That means rethinking who runs projects like this. The collection is the brainchild of James Jeter, director of concept design & special projects for Ralph Lauren and Morehouse alumnus, in collaboration with Dara Douglas, director of inspirational content for Ralph Lauren and former Spelman student. Renowned photographer Nadine Ijewere, along with Black cinematographers and creative directors, took the pictures, featuring current students and professors as models. It follows a $2 million commitment from the Ralph Lauren Corporate Fund made in December 2021 designated to award scholarships to students at Morehouse, Spelman, and 10 other HBCUs. I was struck by the authenticity of it all: entire current and future leadership empowered to redefine what is aspirational – what is American – in real time.
The collection is not without skeptics: Some question why the brand chose to reimagine this piece of history, a perhaps more palatable moment for white audiences. Others criticized the broader wave of brands that continued to focus attention on Morehouse and Spelman, two of the most prominent HBCUs, rather than other, lesser-known Black colleges. .
The skepticism is justifiable in terms of its specifics – this is a complicated history and other HBCUs deserve praise – and also in its generality. It arose from someone who has long watched fashion brands partner with our culture for profit.
For my part, I struggle with viewing this collection and appreciating it or just screaming of course. Author Ta-Nehisi Coates’ description of his alma mater, Howard University, seems to apply here: his school, he writes, is “almost exclusively black talent. [in Jim Crow days]. “Open the aperture to include other HBCUs like Morehouse and Spelman, and the legacy is undeniable — and exactly what popular fashion would do well to reflect on. Consider the leaders these schools have produced: Dr. Martin Luther King Jr., Stacey Abrams, Spike Lee, Alice Walker. What could be more aspirational — more Americans — than that?

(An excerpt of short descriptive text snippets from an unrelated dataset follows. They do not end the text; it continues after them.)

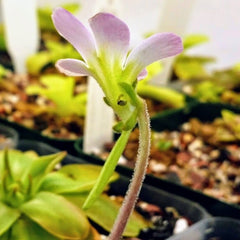 Pinguicula - All
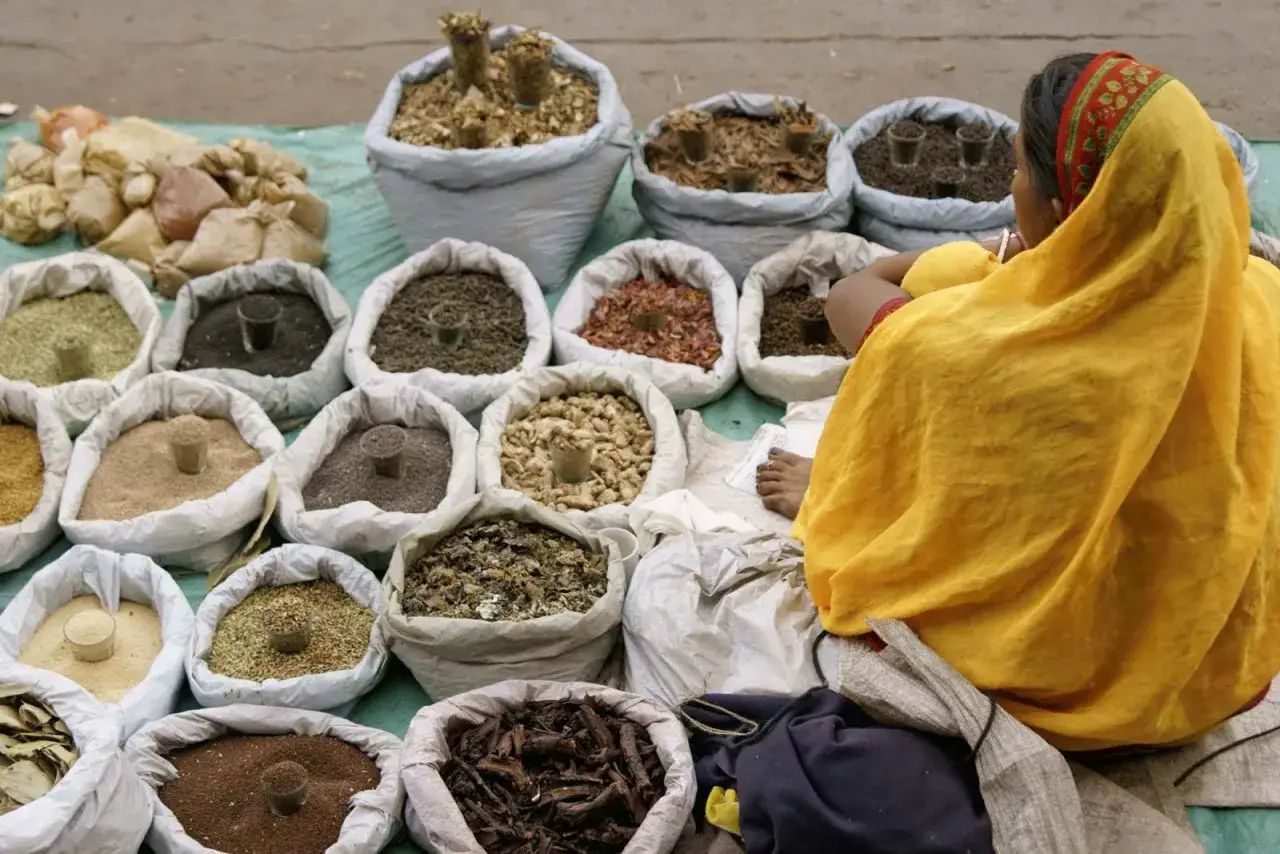 Frauen in gelben Saris verkaufen auf einem orientalischen Warenmarkt Gew&uuml;rze und Kr&auml;uter aus S&auml;cken.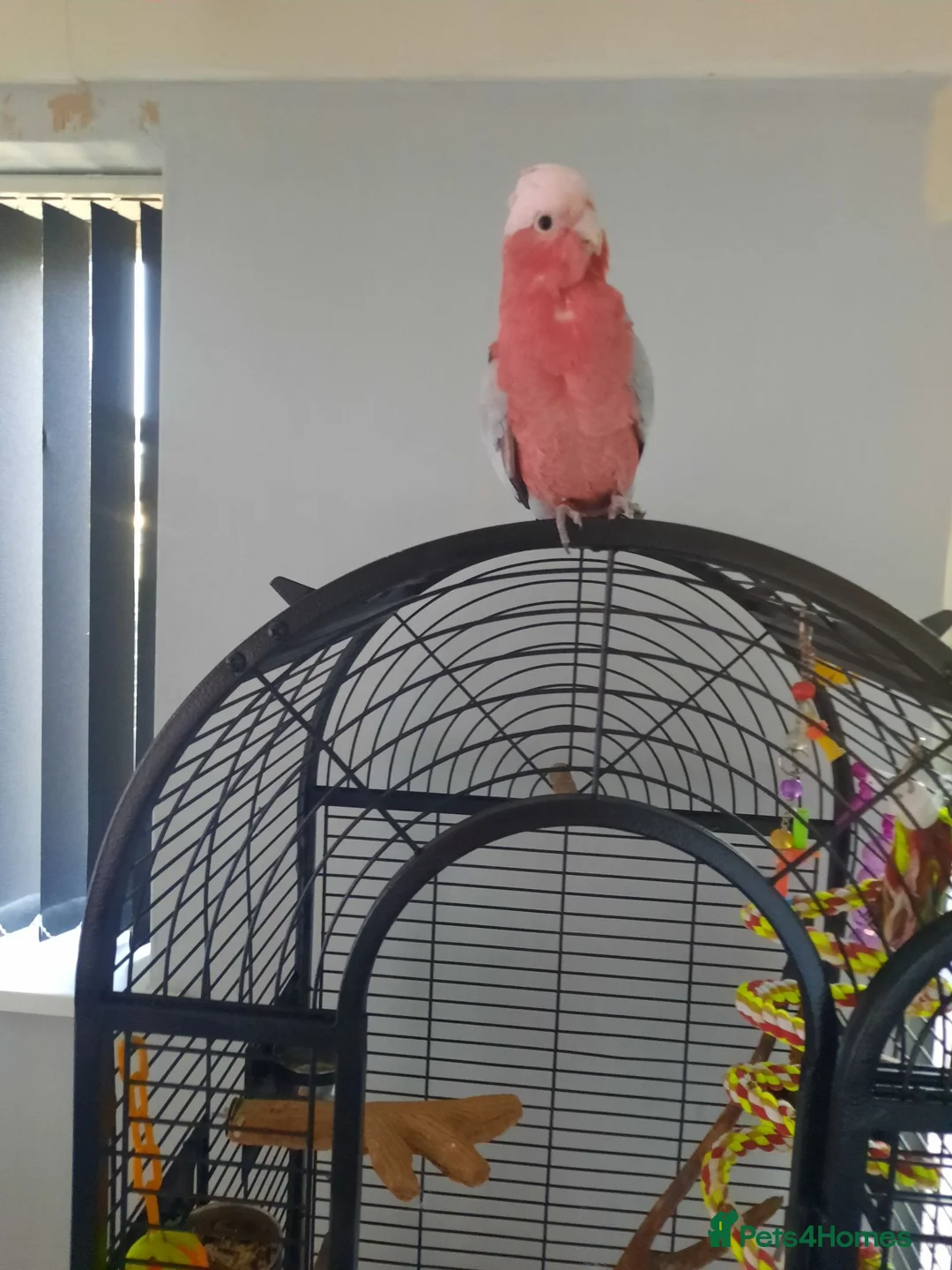 Cockatoo birds for sale: Galaha cockatoo  in Scunthorpe - Advert 1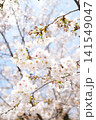 2026年の上野公園での桜 141549047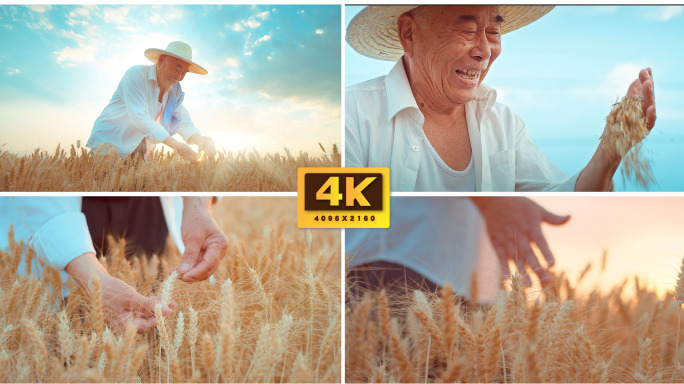 小麦丰收农民微笑大型联合收割机金色麦田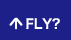 FLY？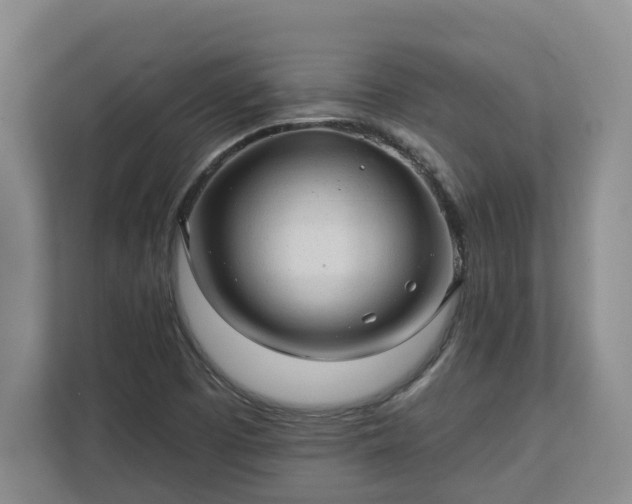 X0000113021457200909031222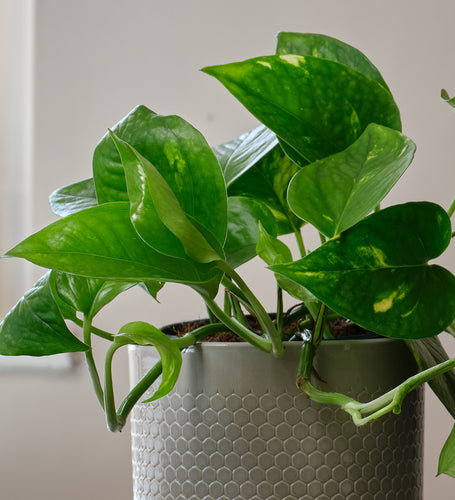 Golden Pothos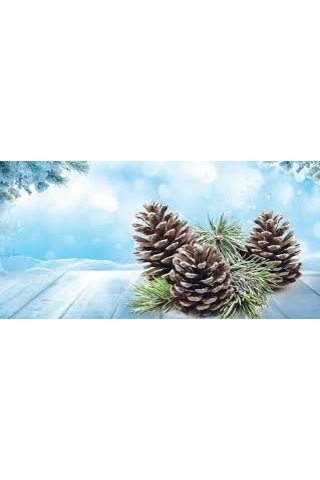 Little Trees Frosted Pine - Çam Ormanı Asmalı Oto Kokusu 6 Adet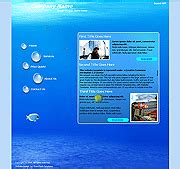 Flash Templates 的图像结果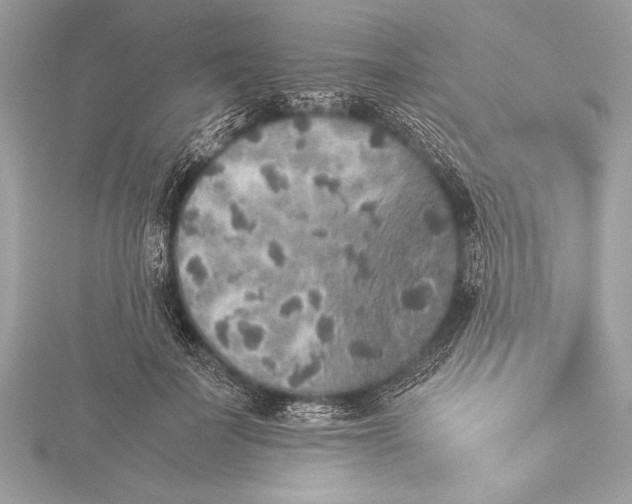 X0000115350699200912011052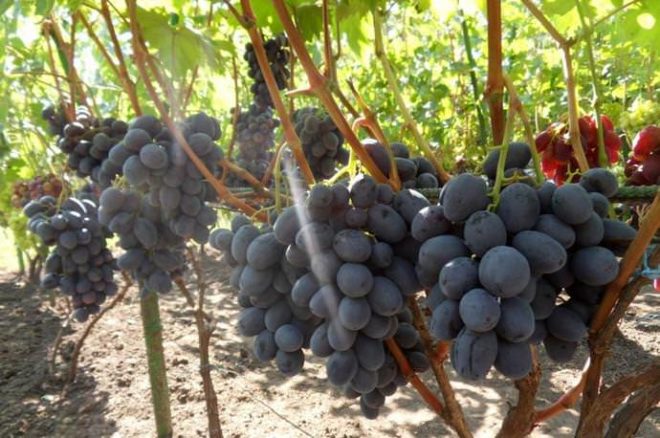 Украина славится своими агрокультурными достижениями, в том числе, и в виноградарстве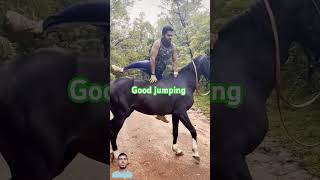 Mount  Horse  Without  Saddle  Rider  Shorts  IA  WhatsApp  Status mounting horse [upl. by Luwana983]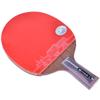 LINGOSHUN Ping Pong Racket Set 12 Star, ITTF Approved Rubber,Professional Table Tennis Bats for Intermediate and Advanced/Single/Short Handle view 2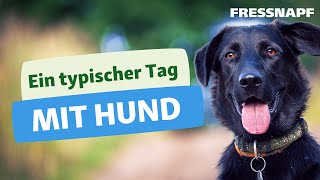 Alltag mit Hund  Leben mit Haustier  FRESSNAPF [upl. by Falzetta809]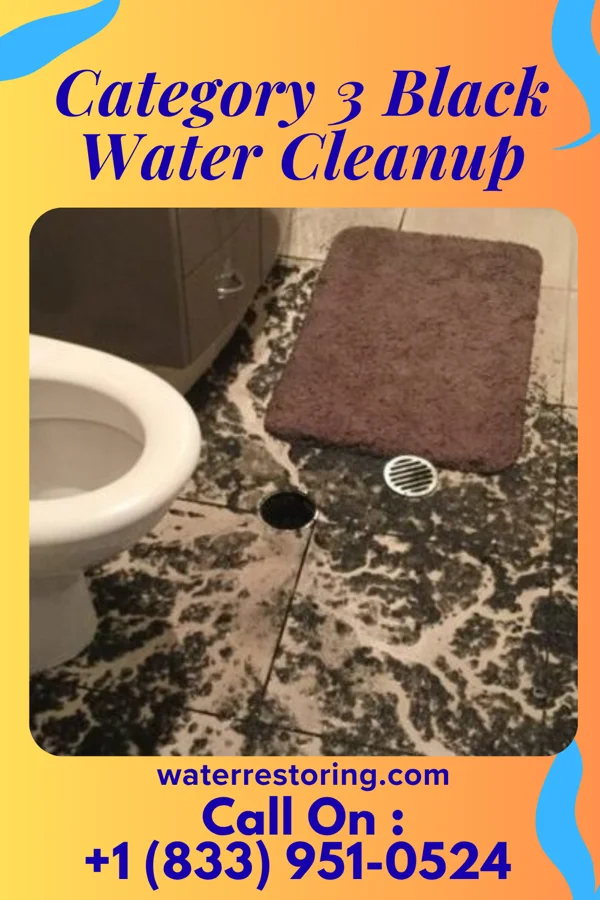 Category 3 Black Water Cleanup in Brook Park, OH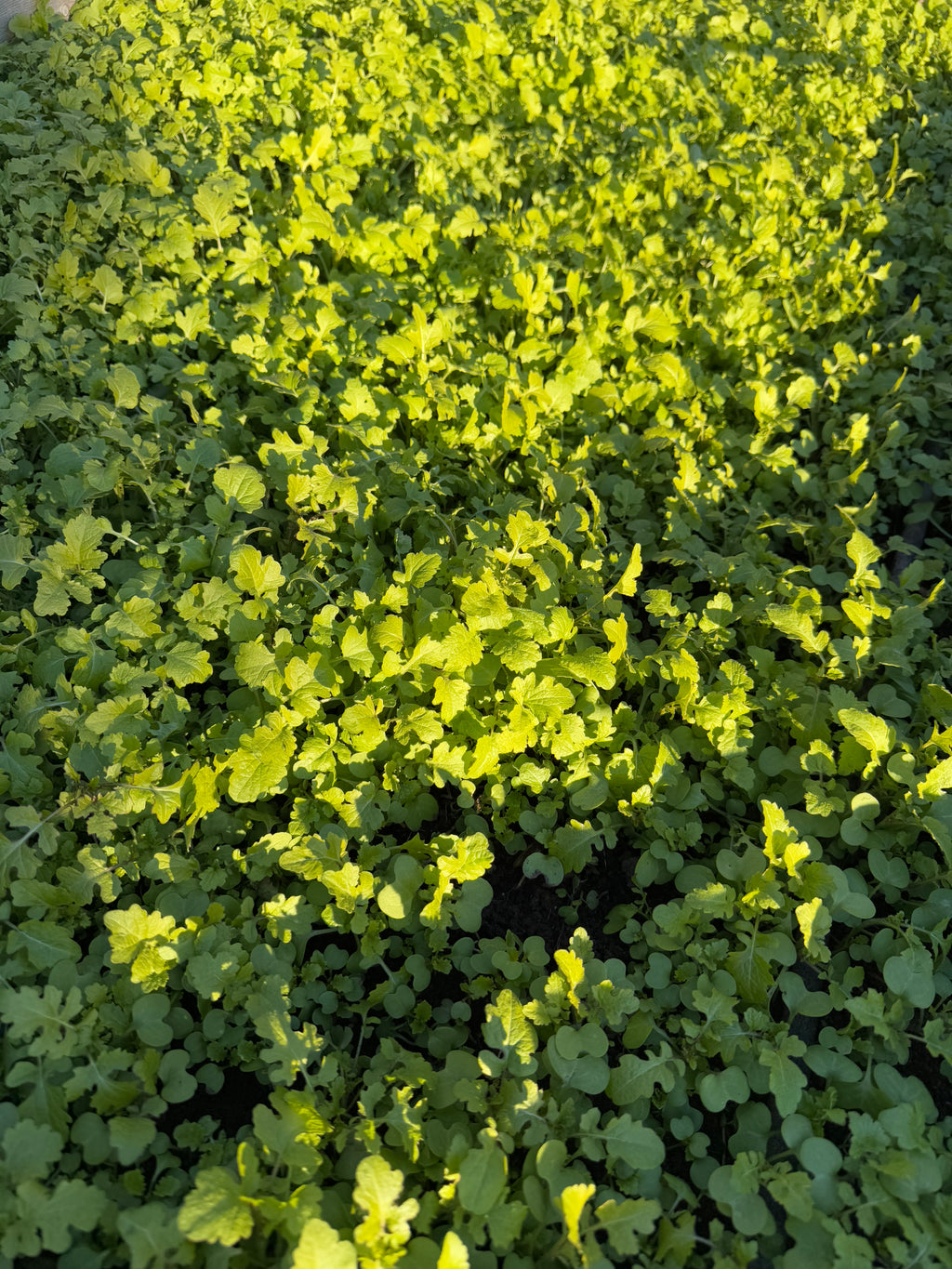 Basic - The Essential Soil Reset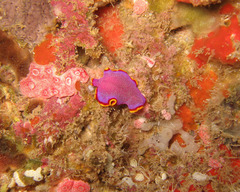 Pseudoceros ferrugineus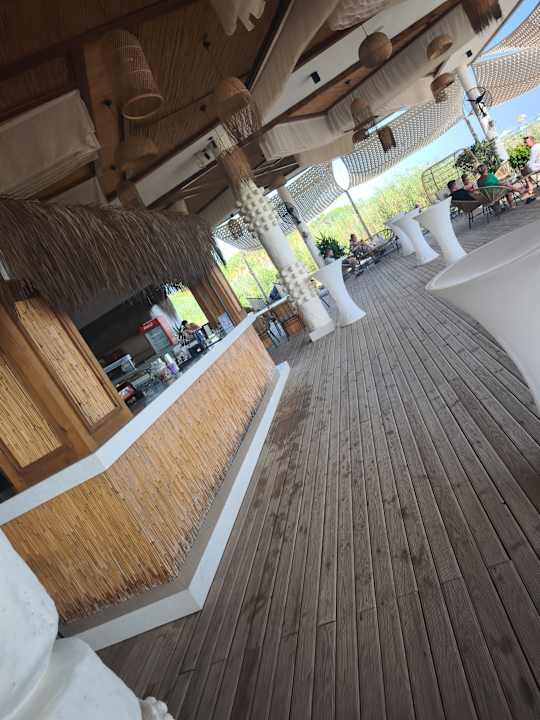 Strand Seashell Vega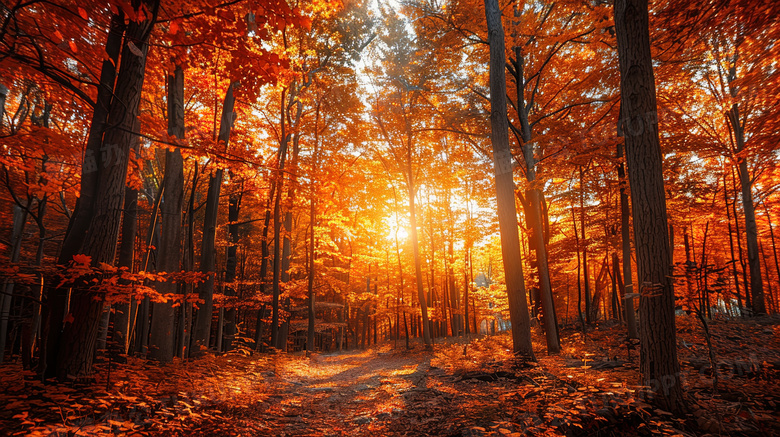 清晨日出树林秋季自然风景图片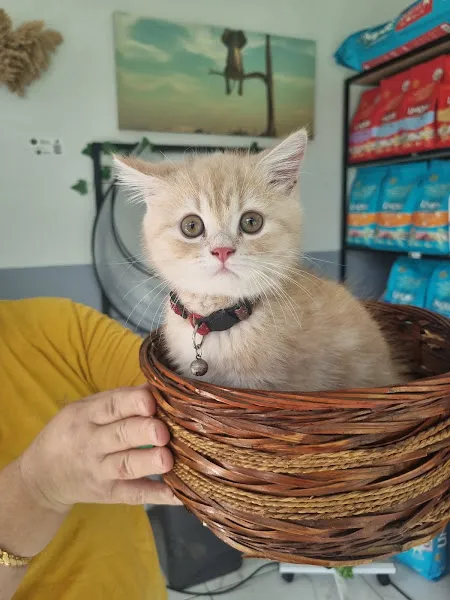 Silva Veteriner Kliniği foto 2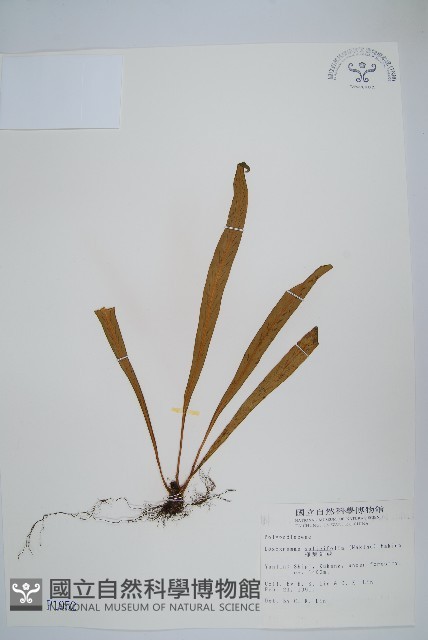劍葉鐵角蕨、箭葉鐵角蕨藏品圖，第1張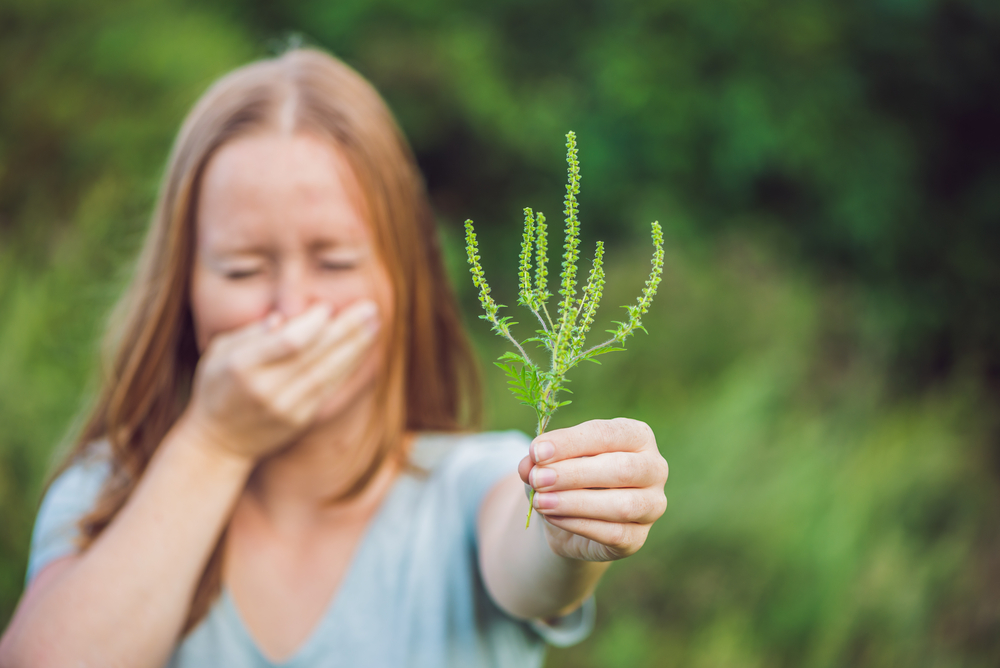 Az allergia megkeseríti sokak életét nyáron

I see nothing particularly courageous in calling greatness, greatness. But in a country that has long ignored, avoided, or subverted our history, Ralph Lauren has chosen to honor us. That’s a win in my book.
What this collection fails to do, however, is the same as what no other organization can do: confirm our history. The rich legacies of the Spelmanites and the Morehouse Men were deserved long before Ralph Lauren considered them as such. Still, I can’t help but smile when I see an iconic brand that recognizes the beauty that many of us know have been there all along.